Srinivasan seems mostly concerned that big data produces “undemocratic” outcomes, but I don’t think he means this in a strictly political sense. I think he means that democracy carries a certain expectation of self-consciousness. Even the experimental collaborative art and music I imagined earlier is self-consciously participatory. The participants know they are helping create something, and are intentionally contributing. This isn’t the case when the list of acceptable preferences distilled and given to artists is based on millions of pieces of data. 

This is not to say that big data can’t or shouldn’t play a role in developing products with an aesthetic value like furniture or clothing. This seems like a legitimate form of product development and there’s nothing inherently wrong with it. But it would be a mistake to call it “artistic” without a radical redefinition of the word—because the “art” in it is not conscious or intentional in the same sense that an individual artist’s painting or even an ensemble collectively-written piece of theater is. 

This depersonalization of aesthetics through big data was anticipated by Aldous Huxley (who Srinivasan cites in his book) in books like Brave New World, and Huxley was concerned about industries and politics and other endeavors lacking transparency—not just where stakeholders were able to see the decisions being made, but participate in them too. “Whatever passes for transparency today seems one-directional,” Srinivasan writes. “Tech companies know everything about us, but we know almost nothing about them. So how can we be sure that the information they feed us hasn’t been skewed and framed based on funding models and private news industry politics?”
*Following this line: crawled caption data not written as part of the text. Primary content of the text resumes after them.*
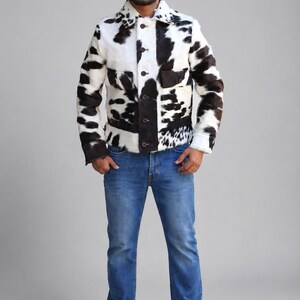 Könnte beinhalten: Kuhfelljacke mit schwarz-weißem Muster. Die Jacke hat eine Knopfleiste, zwei Taschen und einen Kragen. Die Person trägt eine blaue Jeans und weiße Turnschuhe. Die Jacke ist ein Statement-Piece.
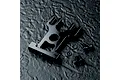 A black aluminium motor mount for an RC car, shown with four small black screws and two washers on a dark textured surface.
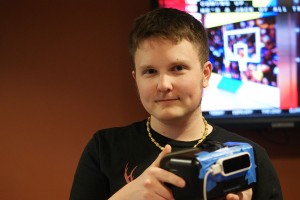 Dallas Flora, informatics senior, shows the Oculus Rift, a virtual reality system, during the Game On 1.5! technology festival. Flora was the guide during the object creation program designed by former IUS students in the informatics program. 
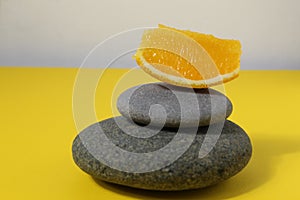 A ballans tower of grey stones and grapefruit orange fruit on a white yellow background with room for text. Benefits of Energy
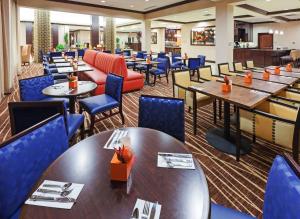 米德兰米德兰希尔顿花园酒店 的一间配备有桌子和蓝色椅子的用餐室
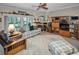 Cozy living room with comfortable seating, a ceiling fan, and a view of the outdoor patio through sliding glass doors at 5115 S Jules Verne Ct, Tampa, FL 33611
Huxley, who died 56 years ago on the same day as JFK, November 22, 1963, has developed a reputation as a scathing critic of industrial society, but he was more than that. His thoughtfulness about ethics wasn’t abstract: when he became relatively wealthy working as a Hollywood screenwriter in the 1930s and 40s (he’d immigrated to the U.S. and settled in Southern California), Huxley used a great deal of that money to transport Jews and left-wing writers and artists from Europe to the United States, where they would be safe from fascism. Huxley saw the threat of depersonalized and depersonalizing technology as “an ordered universe in a world of planless incoherence.” That’s not far from how big data skeptics describe the data industry. 

In a recent Washington Post piece, Catherine Rampell echoes these concerns. The “vast troves of data on consumer preferences” owned by large firms are largely collected surreptitiously. “There are philosophical questions,” she writes, “about who should get credit for an artistic work if it was conjured not solely through human imagination but rather by reflecting and remixing customer data.” 

If the fashion or informational choices of big data are alienated from the conscious preferences of audiences or consumers, there is at least one theory of art that holds that artists themselves should be consciously removed from the preferences of audiences who otherwise appreciate the art. It’s the “theory of obscurity,” made (somewhat) famous by San Francisco avant-garde band The Residents, who borrowed it from N. Senada, a musician who may not have existed as such. The theory holds that “an artist can only produce pure art when the expectations and influences of the outside world are not taken into consideration.” In other words, a true artist can’t worry about what the audience thinks. N. Senada had a corollary theory, the “theory of phonetic organization,” holding that “the musician should put the sounds first, building the music up from [them] rather than developing the music, then working down to the sounds that make it up.” Big data aggregation could not play any meaningful role in such work. Perhaps listening to avant-garde music is the best way to avoid being assimilated into a giant cybernetic vat of data goo. But I doubt such a solution can be implemented universally since very few people enjoy that music.